§ EXERCISE GOAL
The entries below contain pictures. Retype everything except those pictures, exactly as given.

§ DATASET
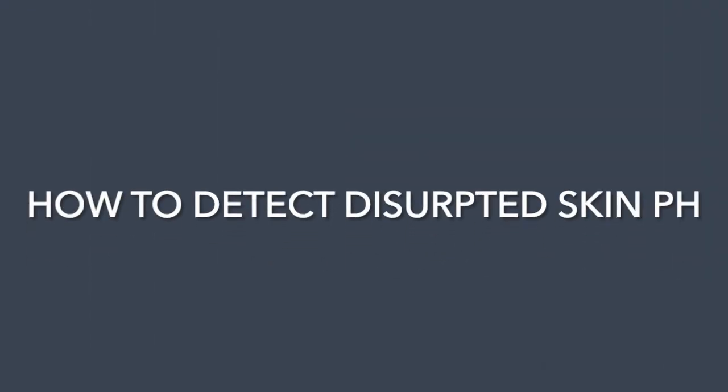Before we talk about how to optimize your skin pH, let's cover how you know if your skin pH is disrupted. This is actually quite simple — just ask yourself how your skin looks and feels. Does your skin look dull, red, or a bit irritated? Do you have acne or eczema? Does it feel tight, dry, almost like your skin is too small for you? If so, you might have a disrupted skin pH, and we're going to cover what you can do to help bring it back into balance.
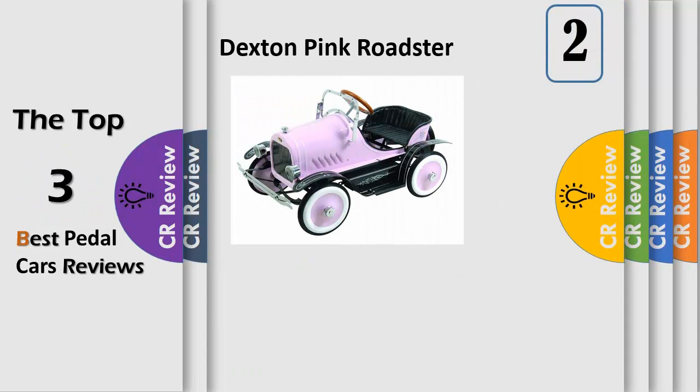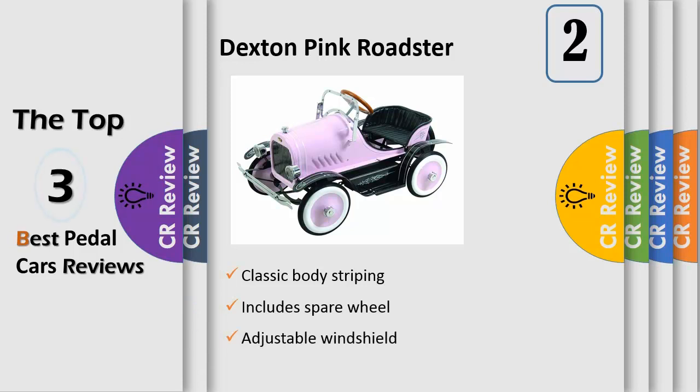Nothing says sophisticated toddler like this deluxe pink roadster pedal car riding toy. Help her get where she needs to go in style. Today's toddlers are busy — their social calendars are jammed with obligations both real and imaginary. How is your little one going to get her stuffed panda to the vet in time to meet with Susan and Mr. Wrinkles for tea? She is in need of reliable transportation. This pedal roadster features sturdy metal construction and reliable wheels.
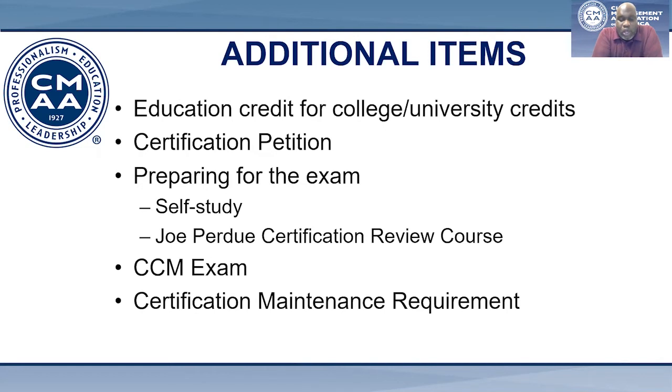The CCM exam covers all 10 of our competency areas. The exam is a 400 multiple-choice question exam. You'll have at least seven hours to sit for the exam, plus a one-hour lunch break if necessary. To pass the exam, you have to score at least 70% overall and 50% on each section. When you're eligible to sit for the exam, you have two options. You can either study on your own and have the exam proctored at a local university testing center or a private testing center, or you can attend the Joe Purdue Certification Review Course, which is held at Georgia State University in Atlanta and may also be available virtually. With the Joe Purdue review course, you would sit for the exam following the course. This is a great opportunity to assist you in your preparation for the exam and can also count towards your workshop requirement.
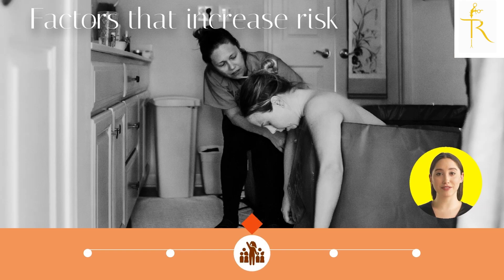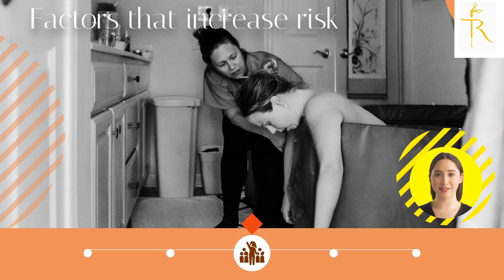There are several factors that can increase your risk of developing prolapse, including multiple pregnancies, vaginal childbirth, menopause, and obesity. Other risk factors include chronic coughing, heavy lifting, and family history.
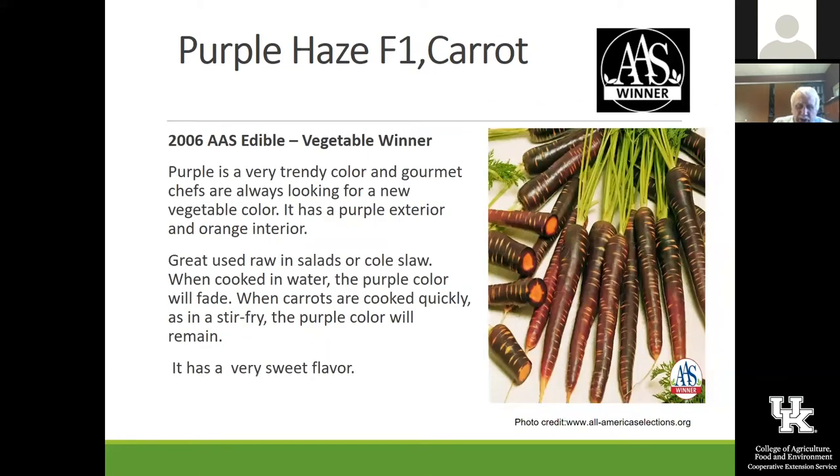This is Purple Haze — a 2006 All-America Selection winner. That is honestly the color it looks like when you pull it out of the ground, but you've got to have deep, well-drained soils. When I was a vegetable field person for a vegetable processing company up in Michigan, we grew carrots in 500-acre fields in gravelly soil that really supported that kind of deep taproot growth. If you can't duplicate that, don't grow any of the deep-rooted ones because they just won't perform well for us.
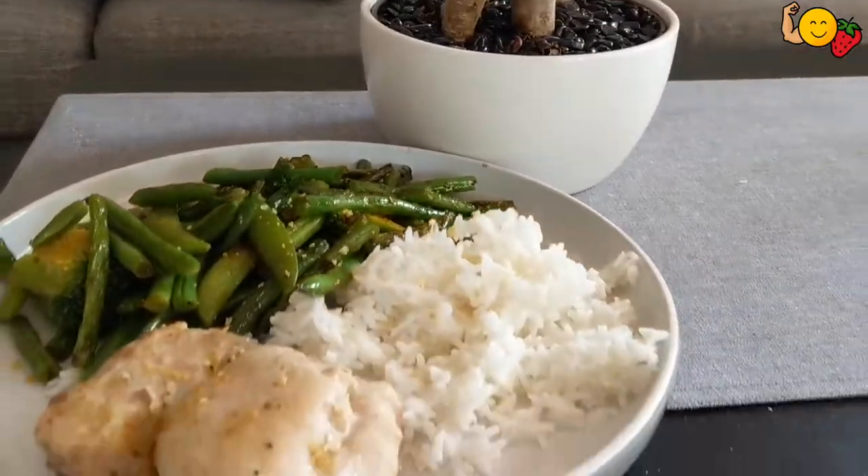Throw these bad boys in containers and stick them in the fridge. When I'm ready to eat them, throw them on a plate and stuff a bunch of green veggies on the side. If you're super lazy, throw in some frozen veggies, or even get individual bags of frozen veggies and throw all this in the microwave together. It is so easy.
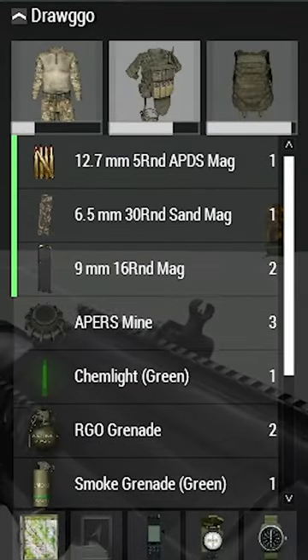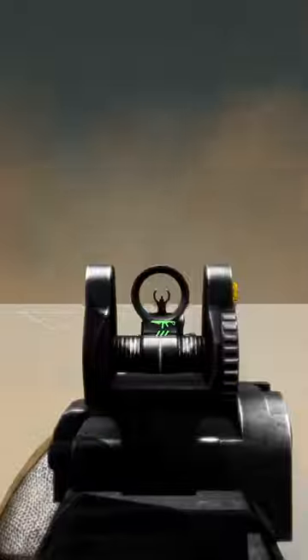APDS means armor-piercing discarding Sabot, and is a bullet option for the Lynx GM-6 sniper rifle.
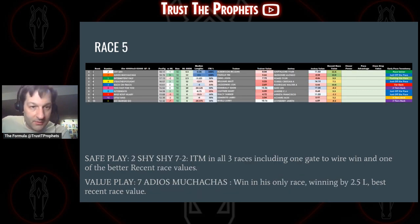Moving on to race five — the two horse, Shy Shy, at seven to two in the morning line: in the money for all three races he's raced in, including one gate-to-wire win. One of the best recent race values here. Moving to the second horse, Adios Muchachas — won his only race by two and a half lengths and has the best recent race value of the group. Those two together look pretty favorable. Shy Shy is pushing the pace from the five horse, and just off the pace, there might be something there for Adios Muchachas.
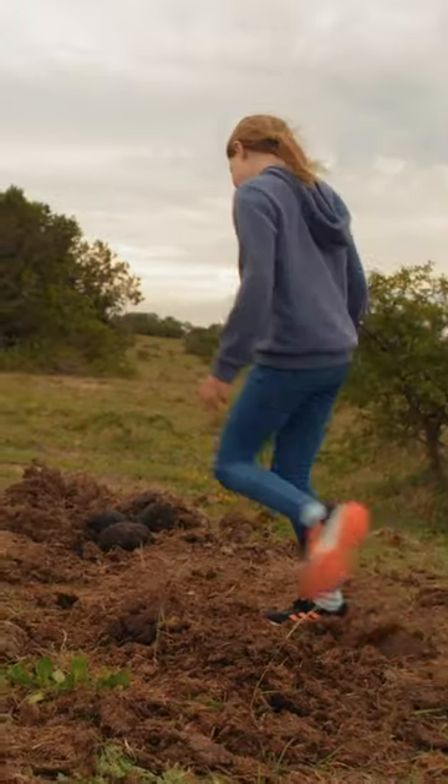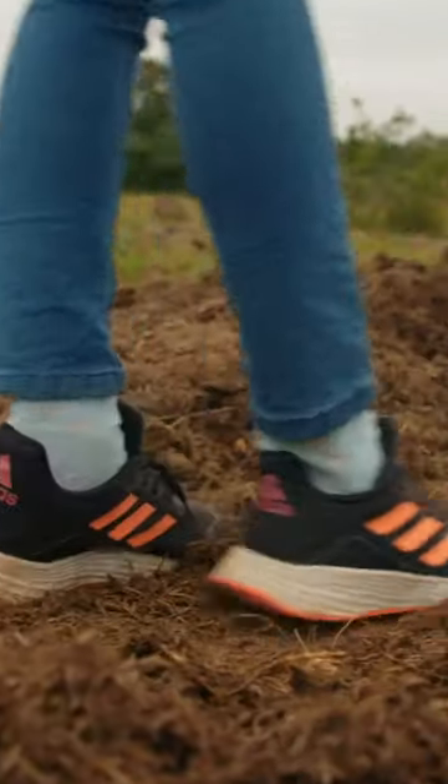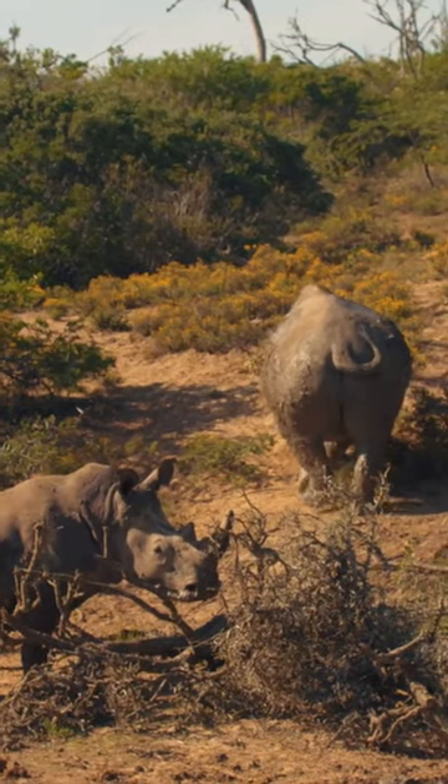I'm going to show you something else really cool about this rhino poop. This is where the bull does his business, and after he does his business, they scratch their feet all in those wet droppings and walk off around their territory, leaving a scent for other rhinos to know there's a rhino here.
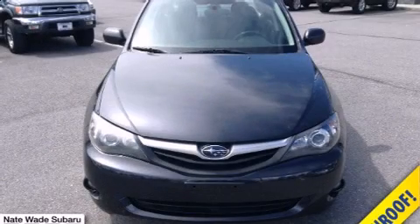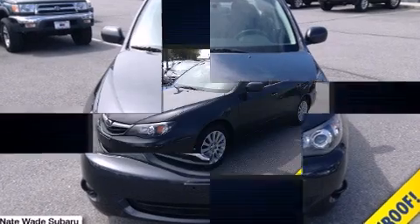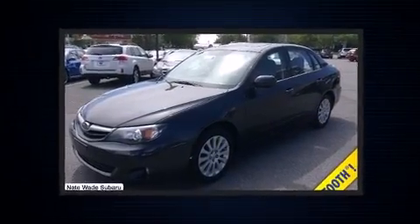Get excited about the 2011 Subaru Impreza. This four-door, five-passenger sedan just recently passed the 50,000 mile mark.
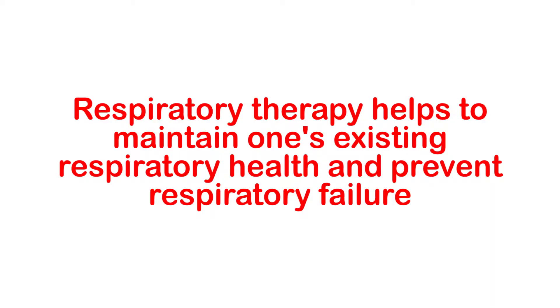Why is respiratory therapy important? As mentioned earlier, respiratory therapy helps to maintain one's existing respiratory health and to prevent respiratory failure. This is especially important for individuals with life-threatening conditions who wish to maintain a high quality of life.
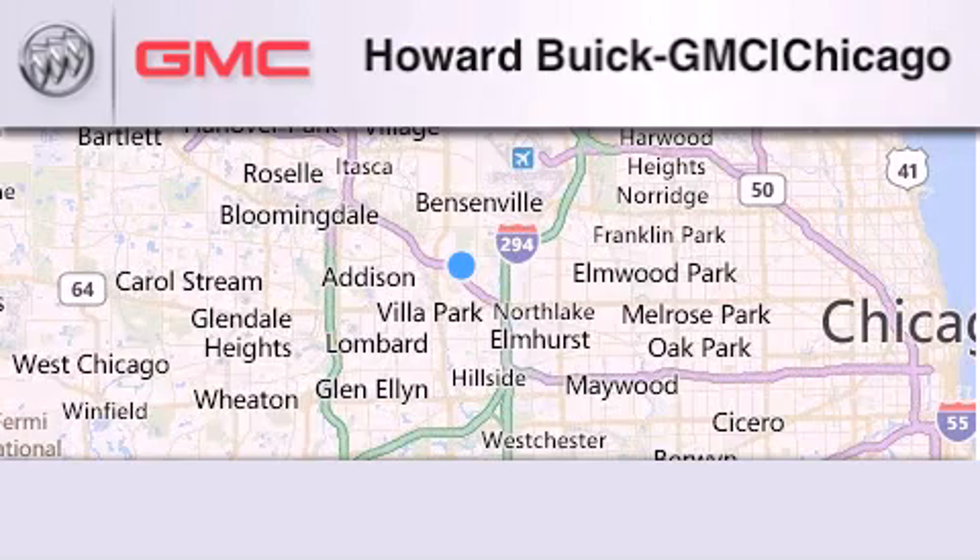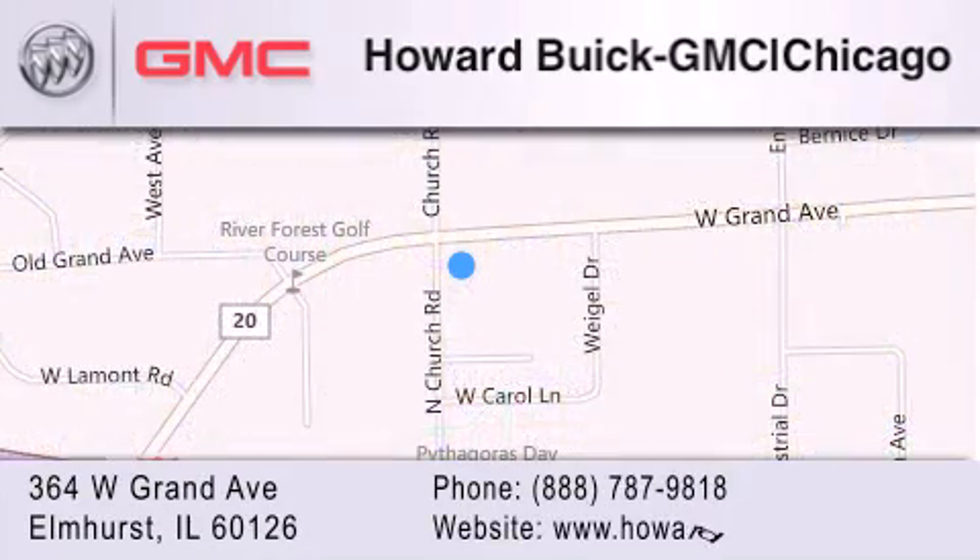Howard Buick GMC is located at 364 West Grand Avenue in Elmhurst. We are a 50-year-old family-owned business and our goal is to exceed all of your expectations to ensure that you'll return for future visits.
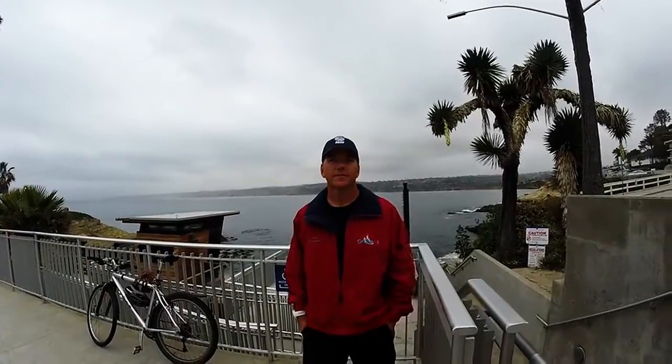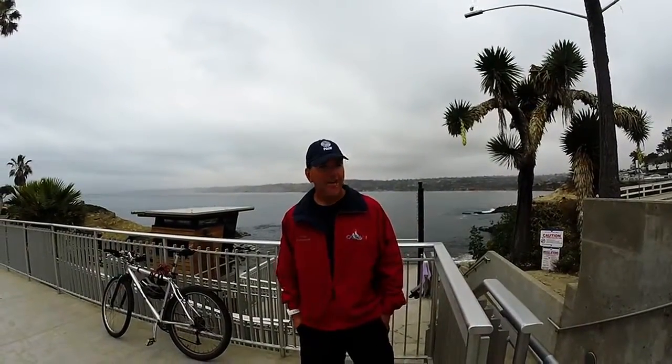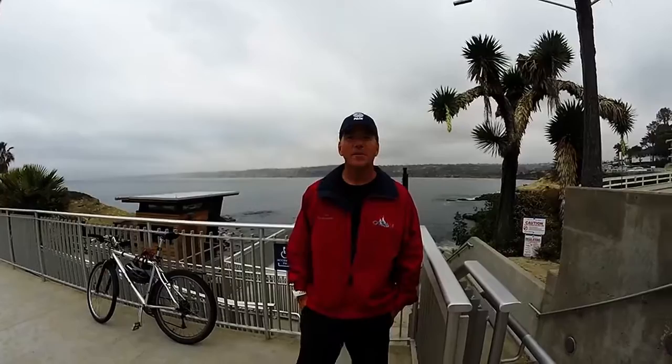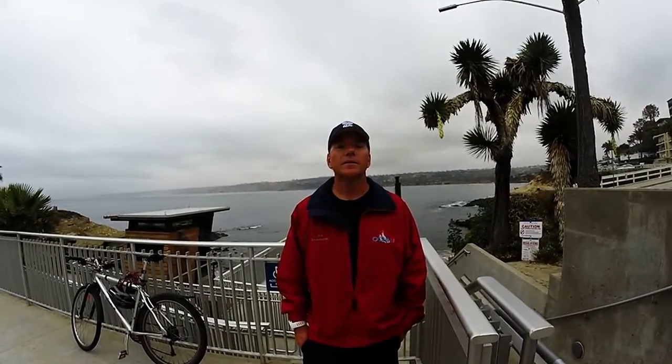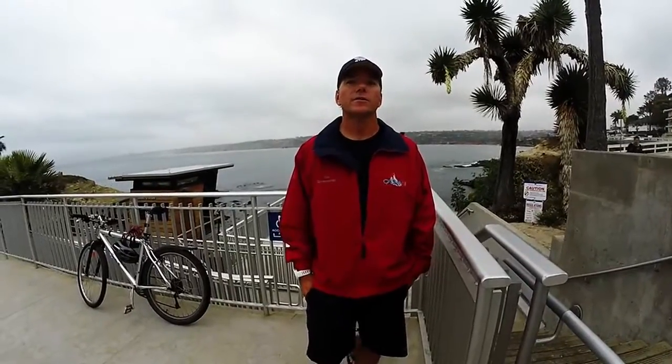Alright Tim, you ready to tell us all about La Jolla Cove? Yeah, it's a beautiful day here on Friday morning, so definitely. So the diving here — is it good for all levels? It really is. You're here in downtown La Jolla, California, and it's good for all levels, with a lot of rock reef spots out there. The biggest thing I would say is just make sure you have your buoyancy in check and that you stay within your limits as you're diving the site.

§ ANSWER TO THIS PROBLEM
Before we talk about how to optimize your skin pH, let's cover how you know if your skin pH is disrupted. This is actually quite simple — just ask yourself how your skin looks and feels. Does your skin look dull, red, or a bit irritated? Do you have acne or eczema? Does it feel tight, dry, almost like your skin is too small for you? If so, you might have a disrupted skin pH, and we're going to cover what you can do to help bring it back into balance.
Nothing says sophisticated toddler like this deluxe pink roadster pedal car riding toy. Help her get where she needs to go in style. Today's toddlers are busy — their social calendars are jammed with obligations both real and imaginary. How is your little one going to get her stuffed panda to the vet in time to meet with Susan and Mr. Wrinkles for tea? She is in need of reliable transportation. This pedal roadster features sturdy metal construction and reliable wheels.
The CCM exam covers all 10 of our competency areas. The exam is a 400 multiple-choice question exam. You'll have at least seven hours to sit for the exam, plus a one-hour lunch break if necessary. To pass the exam, you have to score at least 70% overall and 50% on each section. When you're eligible to sit for the exam, you have two options. You can either study on your own and have the exam proctored at a local university testing center or a private testing center, or you can attend the Joe Purdue Certification Review Course, which is held at Georgia State University in Atlanta and may also be available virtually. With the Joe Purdue review course, you would sit for the exam following the course. This is a great opportunity to assist you in your preparation for the exam and can also count towards your workshop requirement.
There are several factors that can increase your risk of developing prolapse, including multiple pregnancies, vaginal childbirth, menopause, and obesity. Other risk factors include chronic coughing, heavy lifting, and family history.
This is Purple Haze — a 2006 All-America Selection winner. That is honestly the color it looks like when you pull it out of the ground, but you've got to have deep, well-drained soils. When I was a vegetable field person for a vegetable processing company up in Michigan, we grew carrots in 500-acre fields in gravelly soil that really supported that kind of deep taproot growth. If you can't duplicate that, don't grow any of the deep-rooted ones because they just won't perform well for us.
Throw these bad boys in containers and stick them in the fridge. When I'm ready to eat them, throw them on a plate and stuff a bunch of green veggies on the side. If you're super lazy, throw in some frozen veggies, or even get individual bags of frozen veggies and throw all this in the microwave together. It is so easy.
APDS means armor-piercing discarding Sabot, and is a bullet option for the Lynx GM-6 sniper rifle.
Moving on to race five — the two horse, Shy Shy, at seven to two in the morning line: in the money for all three races he's raced in, including one gate-to-wire win. One of the best recent race values here. Moving to the second horse, Adios Muchachas — won his only race by two and a half lengths and has the best recent race value of the group. Those two together look pretty favorable. Shy Shy is pushing the pace from the five horse, and just off the pace, there might be something there for Adios Muchachas.
I'm going to show you something else really cool about this rhino poop. This is where the bull does his business, and after he does his business, they scratch their feet all in those wet droppings and walk off around their territory, leaving a scent for other rhinos to know there's a rhino here.
Get excited about the 2011 Subaru Impreza. This four-door, five-passenger sedan just recently passed the 50,000 mile mark.
Why is respiratory therapy important? As mentioned earlier, respiratory therapy helps to maintain one's existing respiratory health and to prevent respiratory failure. This is especially important for individuals with life-threatening conditions who wish to maintain a high quality of life.
Howard Buick GMC is located at 364 West Grand Avenue in Elmhurst. We are a 50-year-old family-owned business and our goal is to exceed all of your expectations to ensure that you'll return for future visits.
Alright Tim, you ready to tell us all about La Jolla Cove? Yeah, it's a beautiful day here on Friday morning, so definitely. So the diving here — is it good for all levels? It really is. You're here in downtown La Jolla, California, and it's good for all levels, with a lot of rock reef spots out there. The biggest thing I would say is just make sure you have your buoyancy in check and that you stay within your limits as you're diving the site.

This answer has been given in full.